Processo Especial de Revitalização (PER)
O processo especial de revitalização (PER), nascido no âmbito do programa “revitalizar”, criado pela Resolução do Conselho de Ministros nº 11/2012, de 3 de Fevereiro, e tendo como desiderato essencial afirmar-se como uma solução de reestruturação empresarial - ou seja, contribuir para a revitalização de empresas economicamente viáveis mas que se encontrem, pelas mais diversas razões, em situação difícil, não deve ser encarado como mais um expediente para a liquidação das empresas ou patrimónios, mas agora decididamente para a sua verdadeira viabilização e recuperação.
Dito de uma outra forma, e como aludido no Ac.R.G. 4/3/2013, in www.dgsi.pt. pº 3695/12.9TBBRG.G1, relatado pelo Desemb. António Santos, com a introdução do PER no CIRE (Lei nº 16/2012 de 20 de Abril), o paradigma da insolvência passou a integrar o objectivo principal da possibilidade de recuperação ou revitalização do devedor, em detrimento da figura da sua liquidação, ou seja, a satisfação dos direitos dos credores deixou de ocupar o lugar privilegiado que vinha tendo no processo de insolvência, passando a recuperação do devedor a consubstanciar, em simultâneo, um fim atendível no âmbito do CIRE.
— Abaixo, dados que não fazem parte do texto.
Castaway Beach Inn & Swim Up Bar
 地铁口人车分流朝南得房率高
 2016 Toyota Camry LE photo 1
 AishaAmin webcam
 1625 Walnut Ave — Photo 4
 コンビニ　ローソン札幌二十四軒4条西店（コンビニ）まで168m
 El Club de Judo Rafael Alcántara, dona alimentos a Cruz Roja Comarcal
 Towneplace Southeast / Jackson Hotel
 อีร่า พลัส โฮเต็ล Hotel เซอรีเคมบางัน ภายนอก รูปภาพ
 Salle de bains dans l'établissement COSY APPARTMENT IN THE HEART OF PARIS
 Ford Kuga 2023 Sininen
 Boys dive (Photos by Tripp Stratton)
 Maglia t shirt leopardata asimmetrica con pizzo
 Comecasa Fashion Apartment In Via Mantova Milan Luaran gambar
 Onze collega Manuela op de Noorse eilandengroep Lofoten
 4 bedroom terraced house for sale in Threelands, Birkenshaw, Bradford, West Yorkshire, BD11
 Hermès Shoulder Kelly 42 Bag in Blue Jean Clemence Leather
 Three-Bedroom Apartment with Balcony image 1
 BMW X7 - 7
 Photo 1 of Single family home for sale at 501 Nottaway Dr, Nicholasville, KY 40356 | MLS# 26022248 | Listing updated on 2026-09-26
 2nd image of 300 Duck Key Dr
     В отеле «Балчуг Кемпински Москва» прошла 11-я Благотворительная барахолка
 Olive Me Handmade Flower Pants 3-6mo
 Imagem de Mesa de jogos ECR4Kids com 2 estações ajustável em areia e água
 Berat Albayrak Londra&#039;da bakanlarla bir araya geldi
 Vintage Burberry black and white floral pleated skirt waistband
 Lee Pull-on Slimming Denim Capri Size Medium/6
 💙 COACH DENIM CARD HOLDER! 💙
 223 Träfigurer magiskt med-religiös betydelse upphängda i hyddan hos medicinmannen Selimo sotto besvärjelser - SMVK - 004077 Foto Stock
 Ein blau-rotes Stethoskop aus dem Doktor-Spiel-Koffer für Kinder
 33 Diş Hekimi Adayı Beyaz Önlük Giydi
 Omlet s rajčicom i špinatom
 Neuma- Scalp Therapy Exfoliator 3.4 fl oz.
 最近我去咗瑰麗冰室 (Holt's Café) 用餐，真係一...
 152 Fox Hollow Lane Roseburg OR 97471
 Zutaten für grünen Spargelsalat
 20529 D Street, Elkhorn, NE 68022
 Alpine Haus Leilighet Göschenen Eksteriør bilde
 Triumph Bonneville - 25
Nos termos do que resulta da exposição de motivos da proposta de lei que deu lugar à Lei 16/2012 (Proposta de Lei n.º 39/XII, de 30/12/2011, da Presidência do Conselho deMinistros), o principal objectivo da alteração do CIRE visou direccionar este último diploma para a recuperação de empresas devedoras, “privilegiando-se sempre que possível a manutenção do devedor no giro comercial, relegando-se para segundo plano a liquidação do seu património sempre que se mostre viável a sua recuperação”.
Escreveu-se assim também no Ac.R.G. 18/12/2012, in www.dgsi.pt. pº 2155/12.2TBGMR.G1, relatado pela Desembª Maria Rosa Tching, que “se trata de um processo de cariz marcadamente voluntário e extrajudicial, em que se privilegia o controlo pelos credores, restringindo o controlo jurisdicional à gestão processual”.
Desta forma, como adequadamente aludido no primeiro dos citados arestos, tudo aponta para que, em sede de recusa da homologação (artº 215º CIRE) do plano de recuperação conducente à revitalização do devedor, por violação não negligenciável de regras procedimentais, há-de forçosamente o Juiz atender, ou pelo menos não menosprezar, o favordebitoris, ou seja, ter de alguma forma presente o desiderato do PER em sede de revitalização do tecido empresarial, em oposição à filosofia que tinha por norte e regra a liquidação e o desmantelamento dos patrimónios.